Contents
“They terminated my contract the day before the takeover”
” I am a lawyer. In my profession, there is no permanent contract but collaboration contracts which can be terminated at any time, without cause. During my second pregnancy, I continued to work with the same implication and above all, I had carefully trained the person who would replace me during my absence. At the time, maternity leave for liberal professions was 12 weeks (it has now increased to 16 weeks). It was unthinkable for me to resume so quickly, I wanted to spend more time with my baby. In the environment where I work, people have no life, they give everything for their job. I have seen colleagues burn out, mothers never see their children. This is not what I wanted. So I told my boss that I wanted to extend my maternity leave. We signed an addendum which stipulated that the contract would be suspended for 6 months at the end of my maternity leave.

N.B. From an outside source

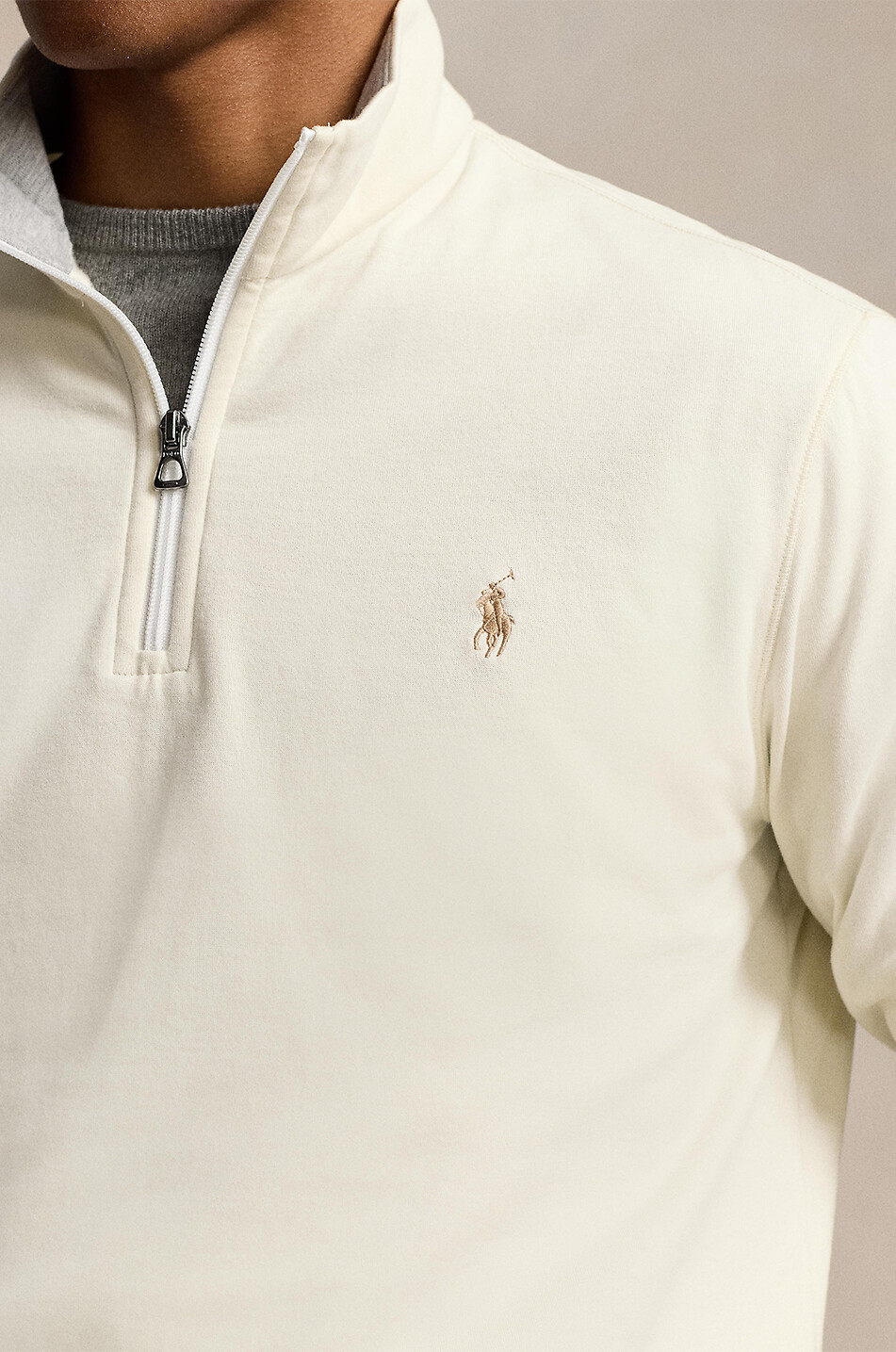 POLO RALPH LAUREN Pony half-zip jersey top Men EGGSHELL 5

The day before I was due to resume, I learned that the colleague I had trained was staying and that my contract was being terminated. The argument was that since I didn’t want to return full time, it was more reasonable that I stop working for this firm. I would add that I had suggested the idea of working part-time, but there was nothing definitive. I had to give my notice in a terrible atmosphere and then I left without saying anything. I went through a difficult period, I no longer had confidence in myself, I told myself that I could not be a credible lawyer if I had not even managed to defend myself. I am aware that I have paid dearly for having a child, it is quite violent to take. I do not rule out the idea of filing a complaint against this firm because I have evidence. If I do it, it is not for the indemnities but for the principle, because I think that it is through procedures that mentalities evolve.
Nayeli, 34 years old lawyer
“You are a very competent person, you have to reinvent your mission”

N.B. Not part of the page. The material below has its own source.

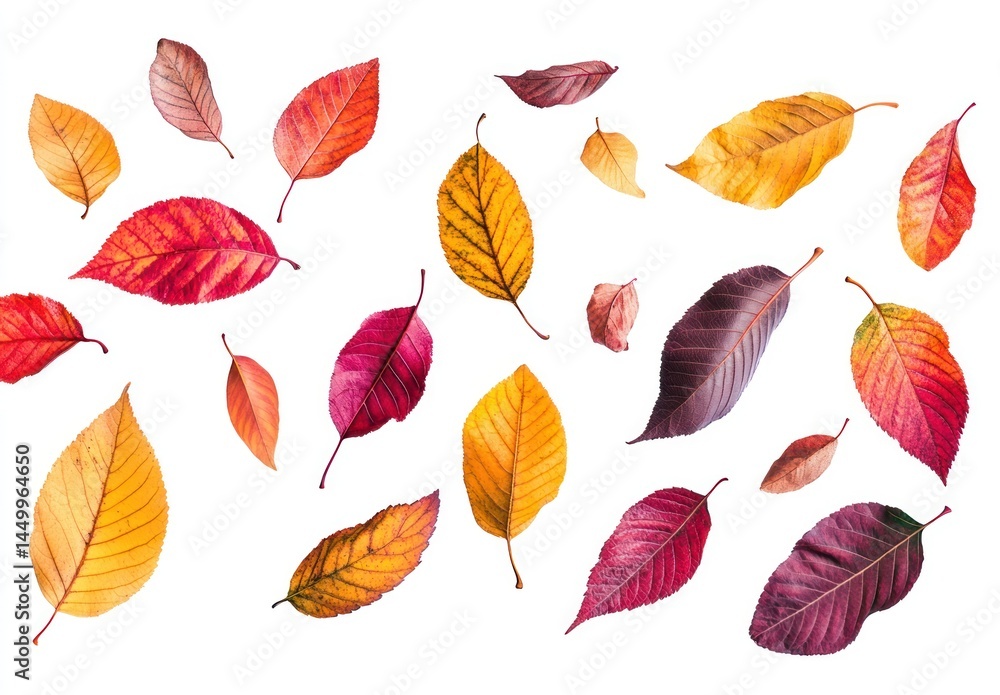 Fototapeta premium Colorful Autumn Leaves on White Background Creating a Vibrant Natural Aesthetic for Seasonal Decor or Craft Projects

“I didn’t think this could happen to me. I have always worked well, conscientiously, without counting my hours. I told myself that when I got back from maternity leave, I would get back to my job and who knows, maybe even with a little change. I felt that things were deteriorating before I went on maternity leave: I was no longer offered to attend important meetings because I was “leaving soon”. During all my absence, that is to say 4 months, I remained in contact with my colleagues. Everything was fine, I was serene. A week before the resumption, just to get back in the bath, I returned to the office to attend an important meeting and there it was a cold shower. “Elodie, we wanted to tell you that So-and-so has been promoted,” my boss told me. But this position logically came to me given my seniority. Then, I was presented with great fanfare the new reorganization. Stunned, I watched the presentation and saw that I no longer appeared in key positions at all. I had a vaguely “transverse” role as if I had found myself there because they had not known where to put me. The pill was hard to swallow. The first few weeks were chaotic, my boss avoided me and my colleagues were embarrassed. My boss finally agreed to receive me a month later. She explained to me that it was a combination of circumstances this promotion, this new reorganization that had forgotten me, that she had never doubted my skills. She refused to increase me. “Compared to others, I was not that badly paid,” she assured me. It was up to me to prove myself, to show him that I wanted some, to reclaim my missions and then we would see if I deserved a raise “. It didn’t take much more to make up my mind to leave. Luckily, I quickly found a job and triumphantly submitted my resignation. It was a general surprise, my boss suddenly became human again and told me: “It takes a lot of courage to resign when you have just had a baby”. To the others, to explain my departure, she will say that “I did not wish to take on my new missions. ”
Elodie, 31, consultant
“I found myself under the orders of a person less competent than me”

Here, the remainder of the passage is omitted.